The re-evolution started in 2020 by adding filtering capacity at the pond shoreline to capture the runoff pollutants before they get into the pond. The filter? Plants. Specifically, plants with long roots creating multiple tiny channels for runoff to soak into the soil. The pollutants then bind onto the roots and soil particles. Less pollutants in the pond reduces the level of algal blooms and extends the useful life of the pond and reduces maintenance costs.
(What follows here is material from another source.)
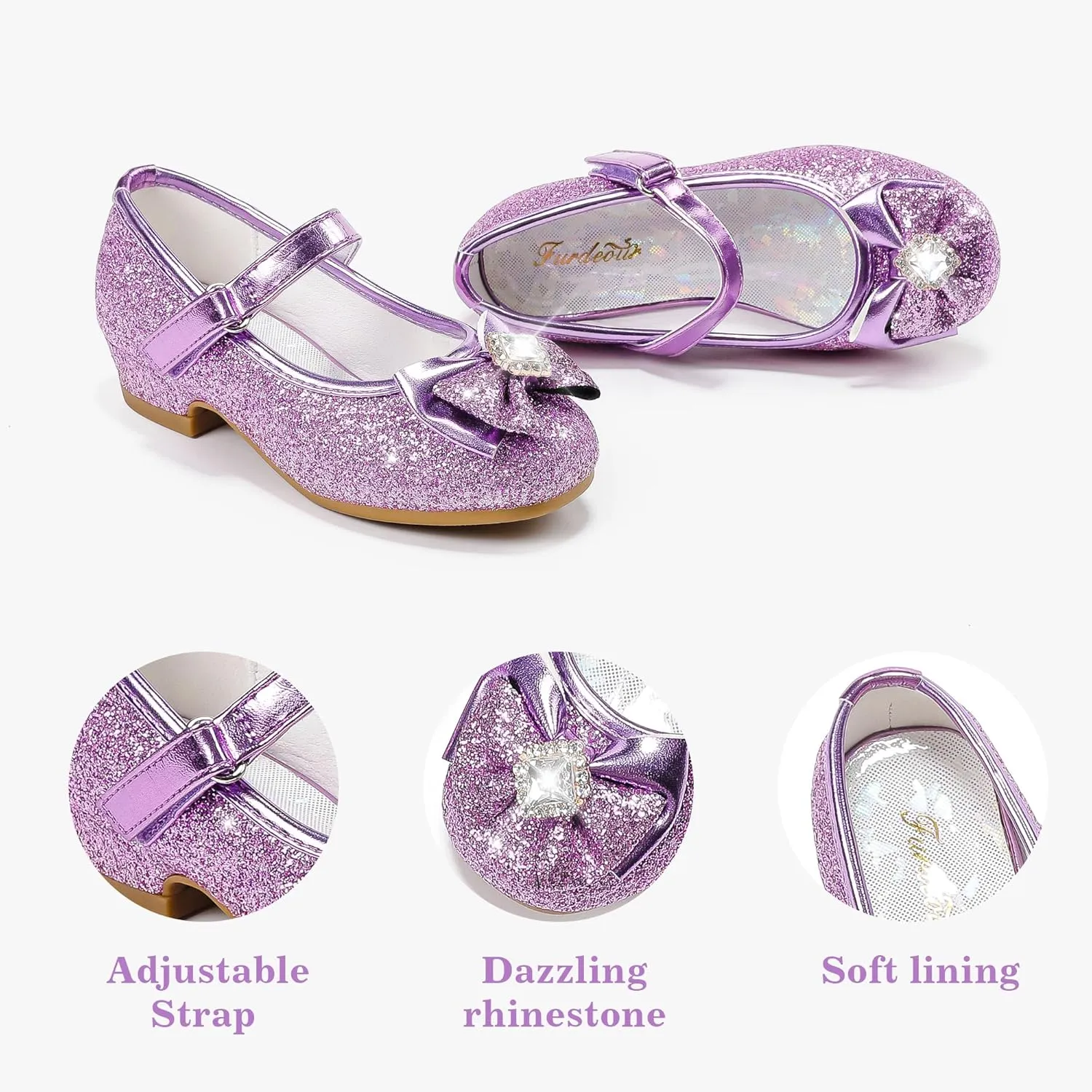 Furdeour Girls Dress Shoes Mary Jane Wedding Flower Bridesmaids Heels Glitter Princess Shoes for Kids Toddler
The other part of the re-evolution is who is doing it: a partnership of Westwood Middle School students, teachers, and community volunteers assisted by library staff and city staff, coordinated by a consultant, and partially funded by the Coon Creek Watershed District. The students use the hands-on experience to enhance their math skills by counting and growing seeds for the best diversity and creating planting plans. Then, they apply their math in a real-world project, digging and planting the shoreline buffer gardens along the Northtown Library pond.
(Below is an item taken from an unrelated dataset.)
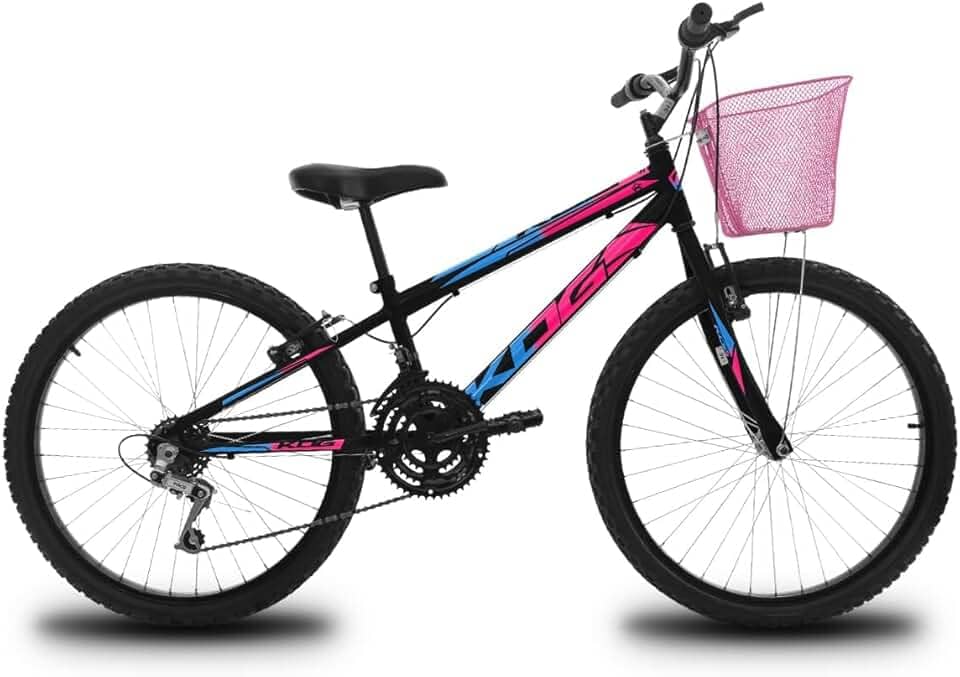 Bicicleta Infantil Aro 24 KOG Feminina 18V Cestinha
The goals for the project include being a demonstration site for people to see up close how shorelines can be functional and beautiful at the same time. Functional as filters and as a habitat for butterflies, bees, birds, and other pollinators; beautiful with flowers that bloom and have diverse plant structure throughout the growing season. There’s informational signage on site for visitors to learn more about the project.
Check out the Northtown Library pond for the best flower options, whether for a shoreline planting or even a small pollinator patch for your yard. The plants can be organized to look more like a formal garden if you are uncomfortable with a natural look. A bonus for shorelines is that having plants like these can also help protect the shoreline from erosion. Long roots hold the soil much better than short turf grass roots. Stop by the Northtown Library today to see the pond!